_DATA EXTRACT_:
# # # #
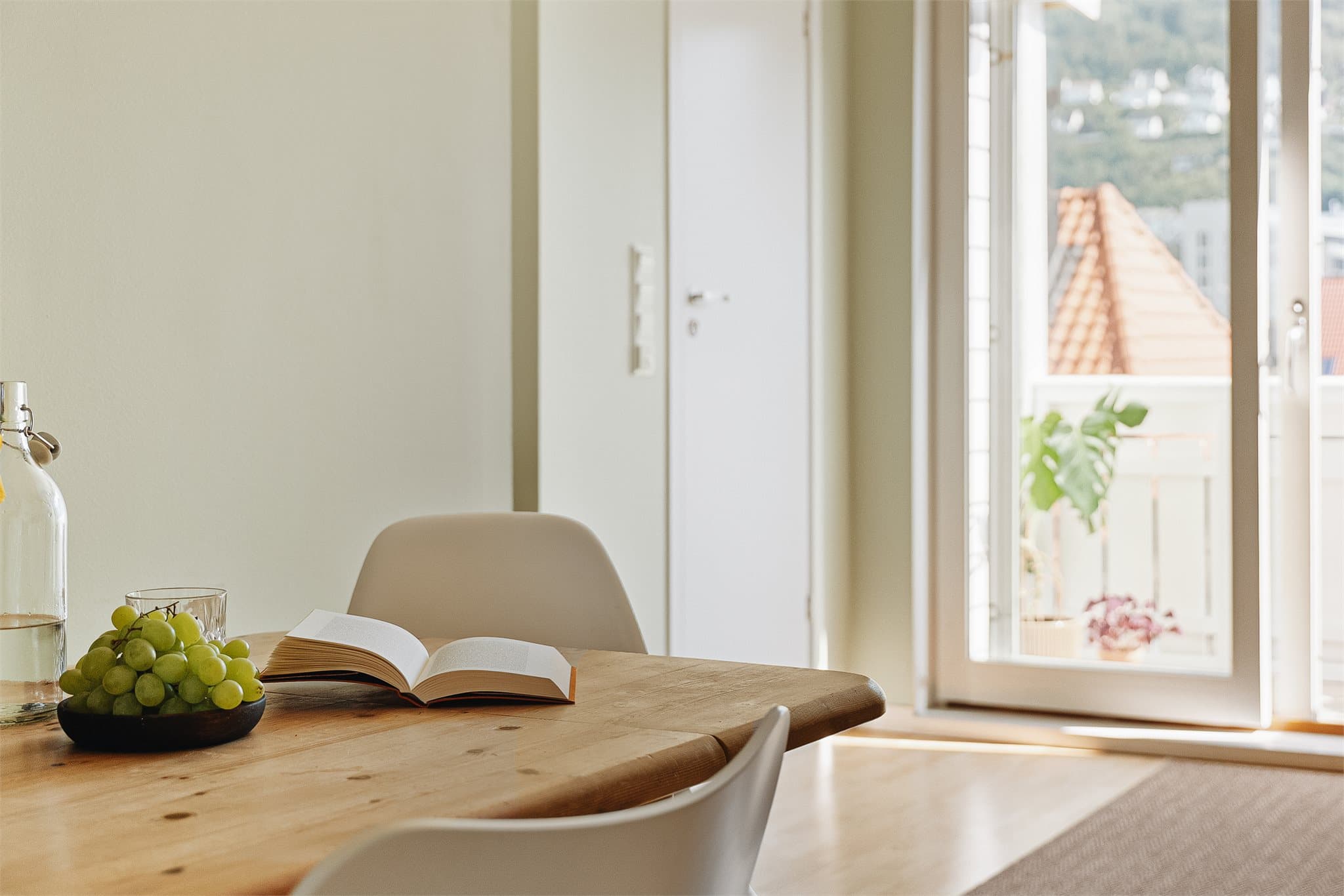 Badet er plasser like innfor balkongen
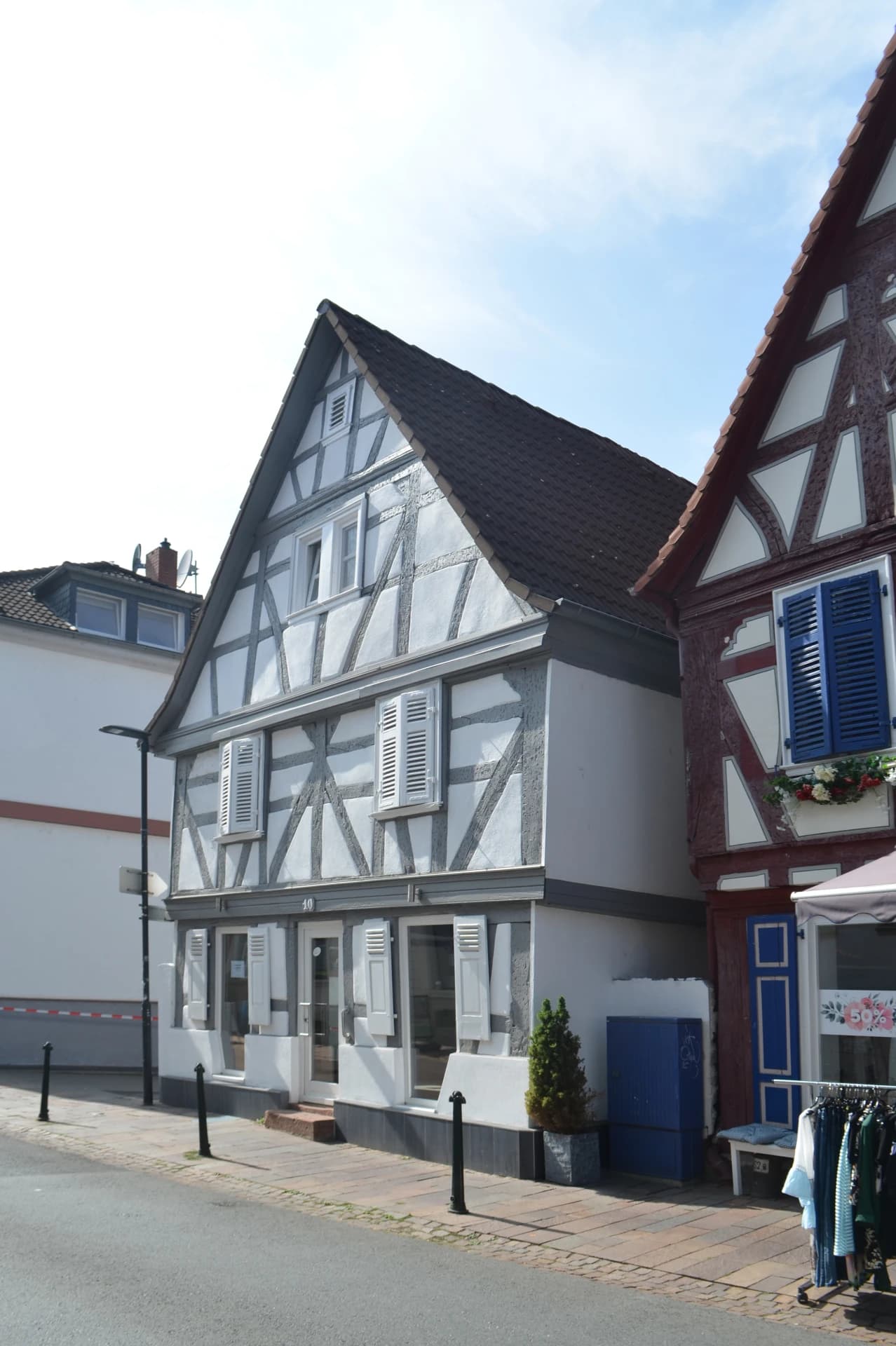 Fachwerkhaus mit grauem Gefach in der Frankfurter Straße in Bad Vilbel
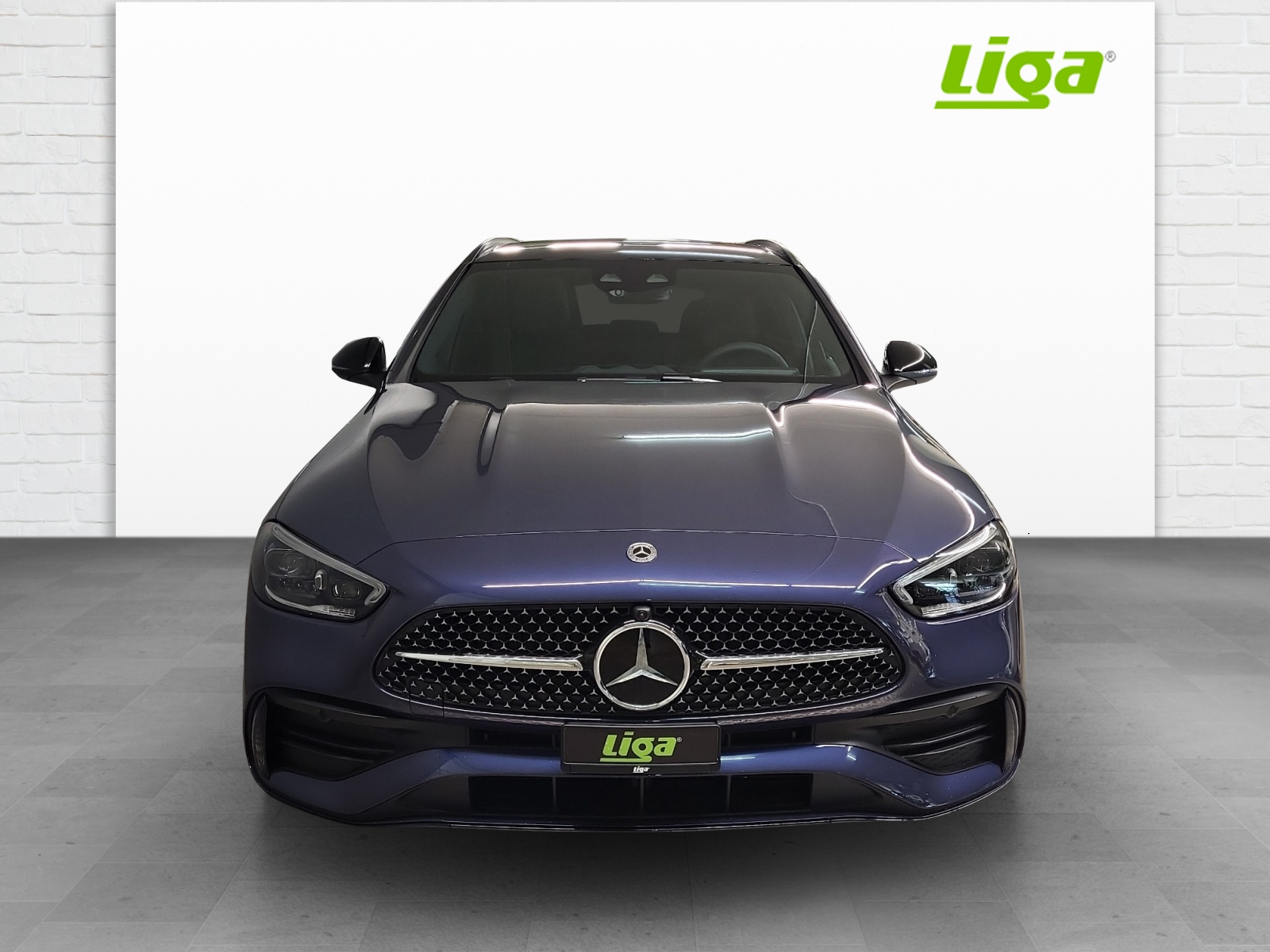 MERCEDES-BENZ C 300 AMG Line 4Matic T-showroom-element-2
# # # #
_WHAT TO PRODUCE_: Copy out all the data above exactly as written. Skip the pictures.

_WRITTEN REPLY_:
 Badet er plasser like innfor balkongen
 Fachwerkhaus mit grauem Gefach in der Frankfurter Straße in Bad Vilbel
 MERCEDES-BENZ C 300 AMG Line 4Matic T-showroom-element-2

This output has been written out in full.